While reading Diane [Gudat]’s article [“What Are Parents Thinking?!” Dance Studio Life, December 2007], I was either crying from laughing so hard or cheering! Thanks for the chuckles, and yes, it does make me feel better to know that others are suffering from being subjected to the same parental madness! My office staff wants to change the schedule to read: “Advanced Ballet 1, Advanced Ballet 2, Advanced Ballet 3,” etc. That way [the students] can all be advanced!
Your magazine has surpassed all magazines. It is wonderful, a collector’s item. I tear out articles in other magazines, but yours stays intact and I save the whole thing for future reference. I would also like to thank you for the articles on older teachers and selling, etc. [Studio Owners in Transition, Dance Studio Life, October 2007]. They have become invaluable in my decision to downsize. Thank you so much for the inspiration. After 30-odd years of running a studio I am focusing again on what I really want to do, and that is teach dance.
Great article by Nancy Wozny [“Two Worlds, One Dance Planet,” Dance Studio Life, October 2007]. I don’t think I would have my job if we did not have forward thinkers like [Houston Ballet artistic director] Stanton Welch. I came from a studio background and now run one of the largest schools in the U.S. The lines are definitely blurred as we evolve and mesh the best of both worlds, commercial and not-for-profit, as well as university life. As a leader in the field and one who has seen thousands of dancers as I recruit, I am amazed at how versatile students are now, and that is due to teachers in both studio schools and professional schools acknowledging the value of one another.

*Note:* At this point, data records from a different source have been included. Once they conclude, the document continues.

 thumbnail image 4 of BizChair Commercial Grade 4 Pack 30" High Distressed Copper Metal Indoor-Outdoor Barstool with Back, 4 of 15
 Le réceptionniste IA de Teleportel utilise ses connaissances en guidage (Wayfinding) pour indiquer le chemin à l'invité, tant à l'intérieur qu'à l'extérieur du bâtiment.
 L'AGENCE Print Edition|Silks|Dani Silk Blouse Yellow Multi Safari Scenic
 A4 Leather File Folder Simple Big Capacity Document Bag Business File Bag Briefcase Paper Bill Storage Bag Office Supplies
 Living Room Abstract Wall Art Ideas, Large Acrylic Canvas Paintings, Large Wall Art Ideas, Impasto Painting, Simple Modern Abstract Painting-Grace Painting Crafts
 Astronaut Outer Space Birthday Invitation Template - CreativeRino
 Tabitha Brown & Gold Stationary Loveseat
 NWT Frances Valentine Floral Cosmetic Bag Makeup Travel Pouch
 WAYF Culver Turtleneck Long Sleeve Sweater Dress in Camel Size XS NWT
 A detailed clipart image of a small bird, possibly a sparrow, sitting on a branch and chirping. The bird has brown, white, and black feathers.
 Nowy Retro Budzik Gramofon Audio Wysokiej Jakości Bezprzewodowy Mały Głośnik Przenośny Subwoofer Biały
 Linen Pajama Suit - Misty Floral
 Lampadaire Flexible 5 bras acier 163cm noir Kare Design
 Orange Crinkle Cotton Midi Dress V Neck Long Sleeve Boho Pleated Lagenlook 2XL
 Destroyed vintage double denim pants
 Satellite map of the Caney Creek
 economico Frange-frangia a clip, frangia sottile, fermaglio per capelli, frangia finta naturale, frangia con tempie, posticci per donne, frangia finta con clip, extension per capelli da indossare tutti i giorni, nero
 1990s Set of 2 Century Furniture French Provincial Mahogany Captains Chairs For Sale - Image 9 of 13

I want to thank you particularly for the article [“Middle School Girls Gone Wild,” July 2007] about the indecency in some dance performances. I was glad to see that someone else shares my disgust at the current trends in dance. It seems to be what audiences crave; the scantily clad students, some as young as 5 and 6, are rewarded for their efforts with thunderous applause! This season we lost our entire senior class of students to a studio that promotes that style of dance. I’ve been a studio owner for 11 years and have always been conscious of the fact that our young students are naïve and innocent. We strive to allow them to remain children as long as possible. My mantra has always been that I know they are going to be exposed to lewd and inappropriate lyrics, as well as choreography, in music, on TV, the Internet, and even at school. However, it doesn’t have to be within my walls.
Just wanted to applaud you on the new look of the magazine. It’s professional, sleek, and truly fabulous. I know a lot of very hard work went into the redesign and I’m sure that you are proud, and you should be. Very, very well done!